Appointment of Kylie Dennis breaks new ground for Independent

Genevieve Jacobs 5 May 2021
Kylie Dennis from Independent.

Kylie Dennis has been appointed as group general manager for Independent Property Group. Photo: Supplied.

Kylie Dennis is breaking new ground in Canberra real estate. She’s just been announced as the first female group general manager in Independent Property Group’s history.

Independent was established in 1958 and now has five sales offices, a large strata and facilities management business and the biggest project marketing business and property management portfolio in Canberra.

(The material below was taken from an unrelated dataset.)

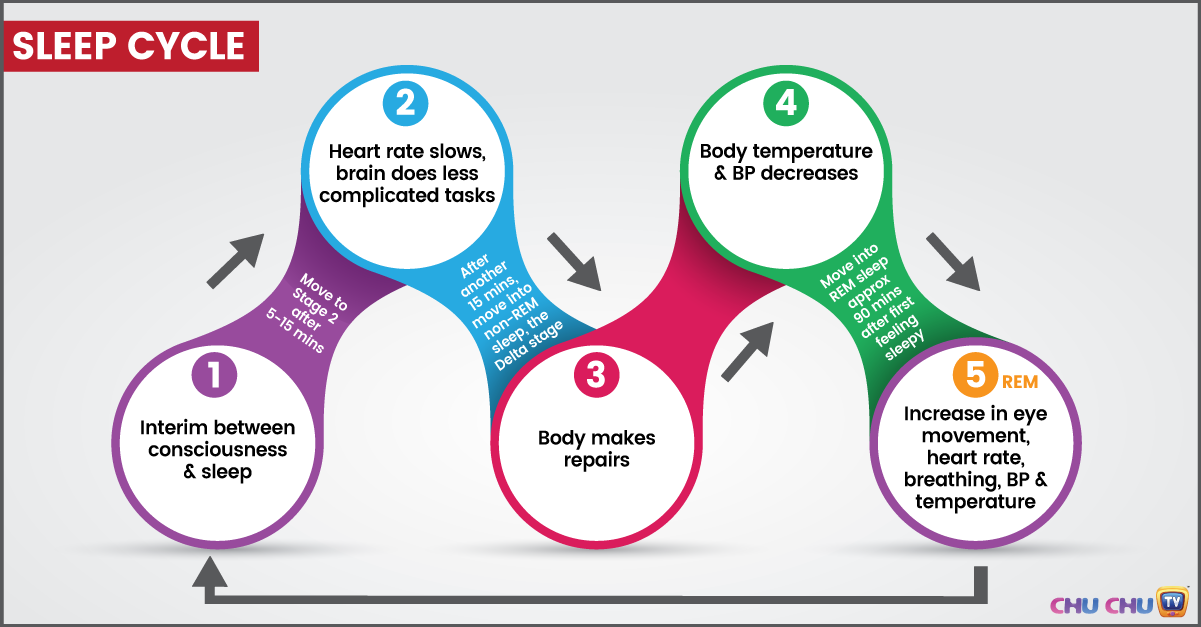 understanding-sleep-cycles-and-how-to-improve-sleep-myfitnesspal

Kylie joins the company after a long career at Fairfax and Nine Entertainment, where she was national sales director. Her appointment is part of Independent’s business transformation which is focused on a new leadership team and strategy. She is delighted to be working back in Canberra, where she’s lived for 20 years.

It’s a significant career change for the former media executive – and quite a journey from Crookwell, where she grew up in a family that ran the local newspaper – but the challenge is one Kylie is relishing.

“All of the jobs I’ve worked have been male dominated, and this doesn’t feel particularly different,” she says. “Around International Women’s Day, I was reflecting that in real estate, performance is really the equaliser in terms of how women are regarded in this industry. In making this move, I’ve had a lot of support from male colleagues and team members.”

Independent board members Wayne Harriden, Mark Wolens, Stan Platis, Paul Corazza, Grahame O’Brien and Chris Uren.

The new Independent board members are (from left, standing) Wayne Harriden, Mark Wolens, Stan Platis, Paul Corazza, and (from left, seated) Grahame O’Brien and Chris Uren. Photo: Supplied.

Independent was keen to recruit someone who’d bring skills from the corporate world including transformation, change management, succession planning and career paths in the industry. Kylie says that after decades in the Australian media, change doesn’t faze her.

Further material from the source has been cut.